Pour passer à la contre-attaque, les parlementaires affirment qu’il existe une vraie possibilité de faire reculer Sarkozy sur la question du référendum, et pour y arriver ils prônent l’obstruction parlementaire.

Comment peut-elle intervenir ?

  1. Décidée par voie parlementaire ou par voie référendaire, la ratification du traité exige une révision de la Constitution française définie par l’article 89 de la Constitution.
  2. Bien que d’ordinaire toute modification de la Constitution soit soumise à référendum, elle peut plus facilement s’obtenir lors d’un « Congrès » réunissant les deux chambres à Versailles, où le texte doit recueillir trois cinquièmes des voix exprimées.
  3. Qu’il vienne de l’exécutif (sous forme de projet) ou des parlementaires (sous forme de proposition) le texte doit être voté au préalable par chacune des deux chambres « en termes identiques ».

C’est lors de cette phase préparatoire que les signataires de l’initiative de Gauche avenir pensent que le traité peut être bloqué. Un participant évoqua un précédent historique.
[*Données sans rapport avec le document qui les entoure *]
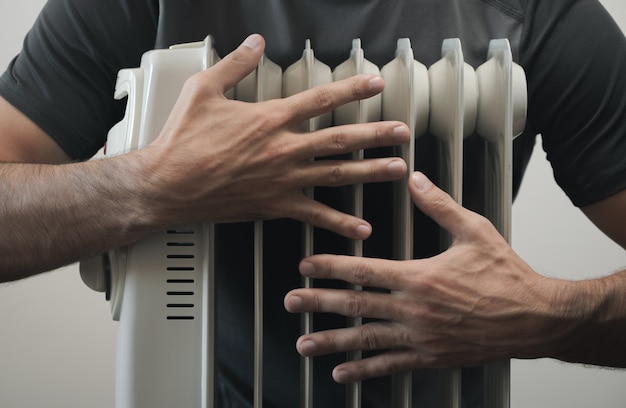 L'uomo amante del calore abbraccia la stufa. Tema della stagione di riscaldamento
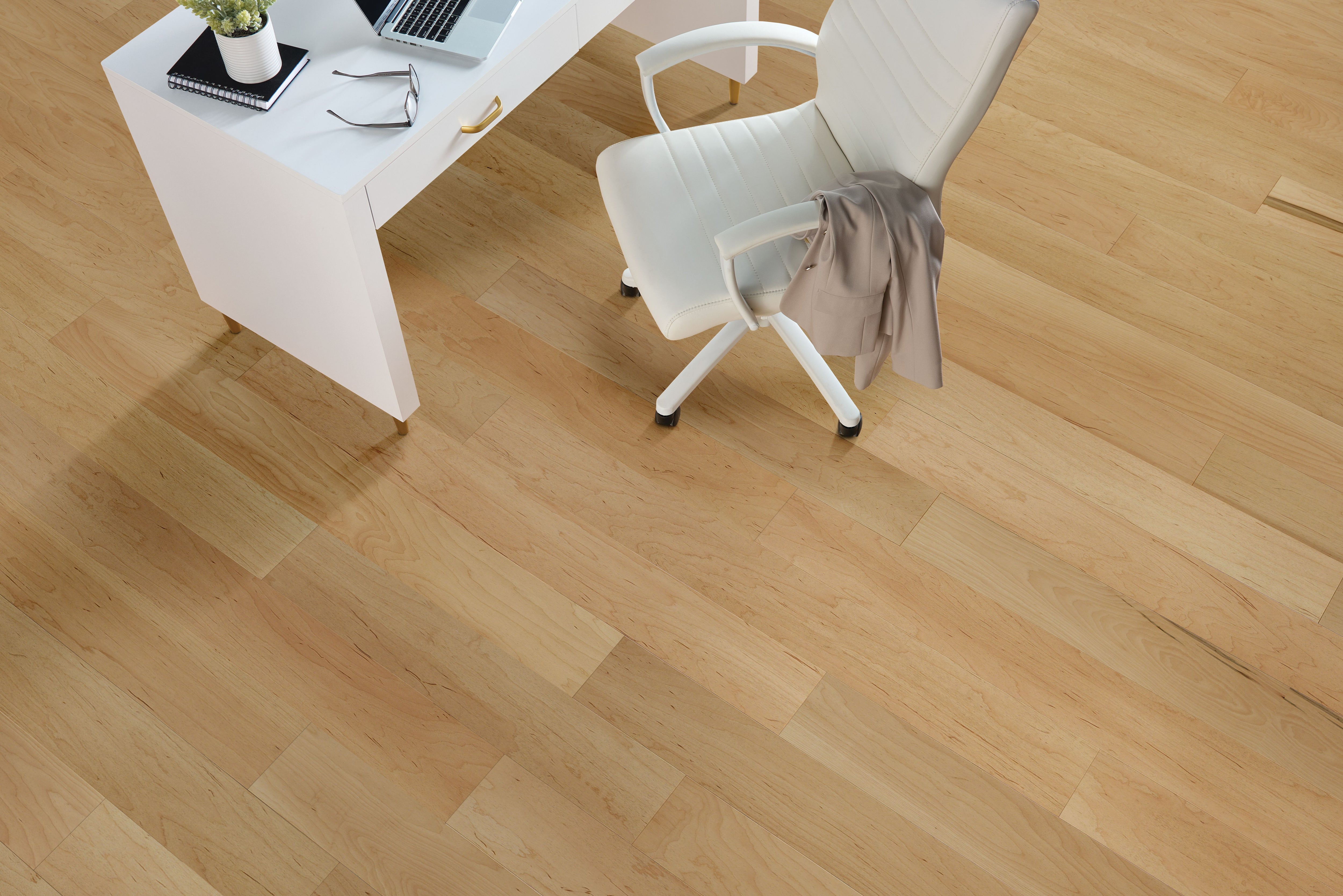 Bright home office with a white desk and chair on pale Ever Natural planks from Armstrong TimberTones LM22M-233W.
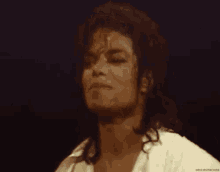 a close up of a man 's face with the words dancingmachine written below him
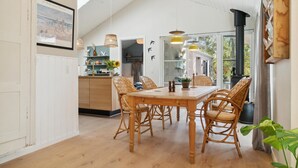 A dining area with a wooden table and wicker chairs, a kitchen with white cabinets, and a large window with a view of trees. - 3 bedroom stunning home in Rødby (Rødby)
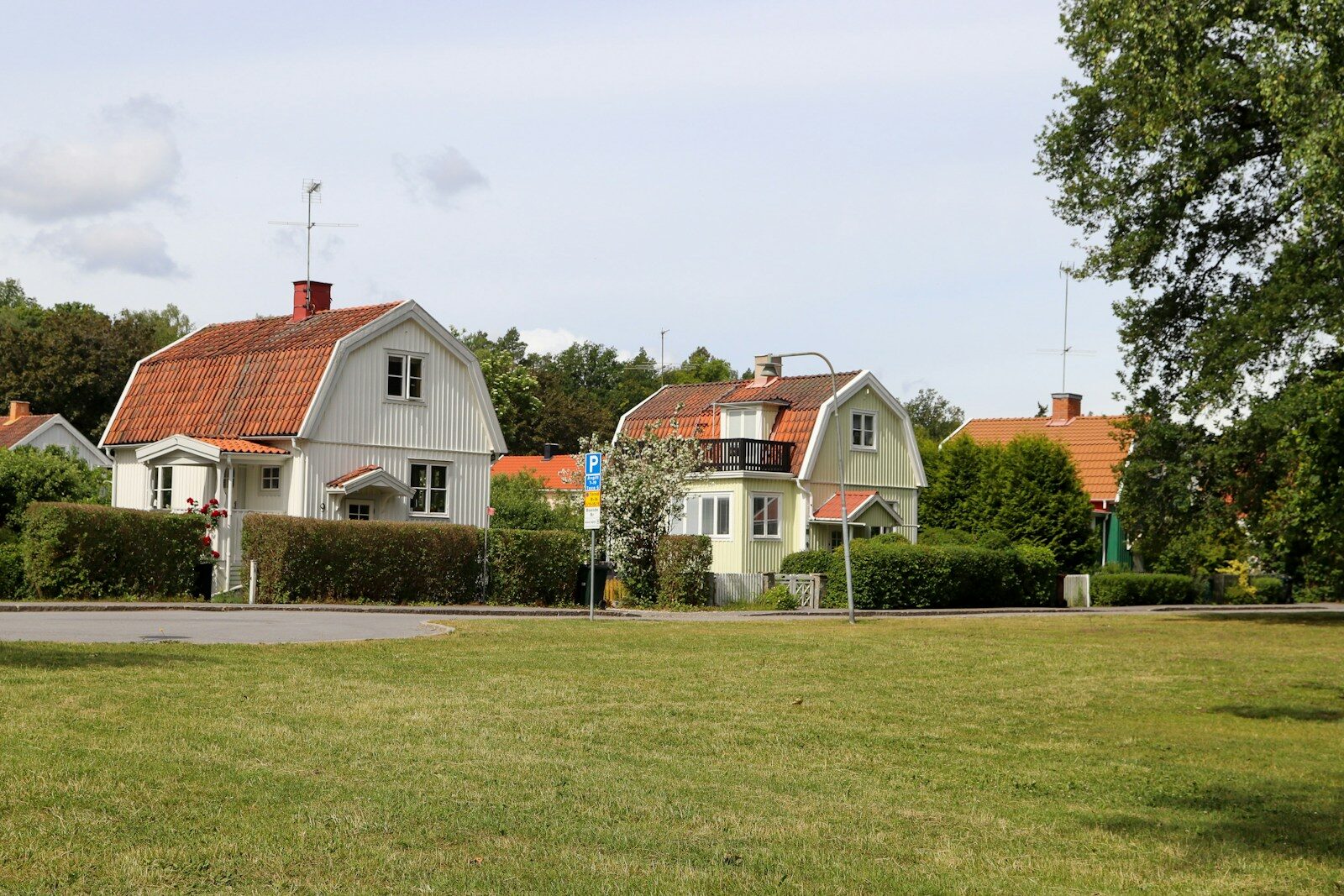 Houses in a suburban neighborhood under a sunny sky.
Acculé devant le constat que les deux tiers des voix allaient manquer lors d’un vote éventuel à Versailles, Chaban-Delmas fut forcé en 1972 d’organiser un référendum sur l’entrée de l’Angleterre dans le Marché commun. Mieux encore, en prolongeant infiniment les débats sur un texte, le Sénat français a fait échouer, par son obstruction digne d’un « filibuster » à la française, plusieurs révisions constitutionnelles, notamment celle sur l’extension du champ de référendum en 1984, parmi d’autres.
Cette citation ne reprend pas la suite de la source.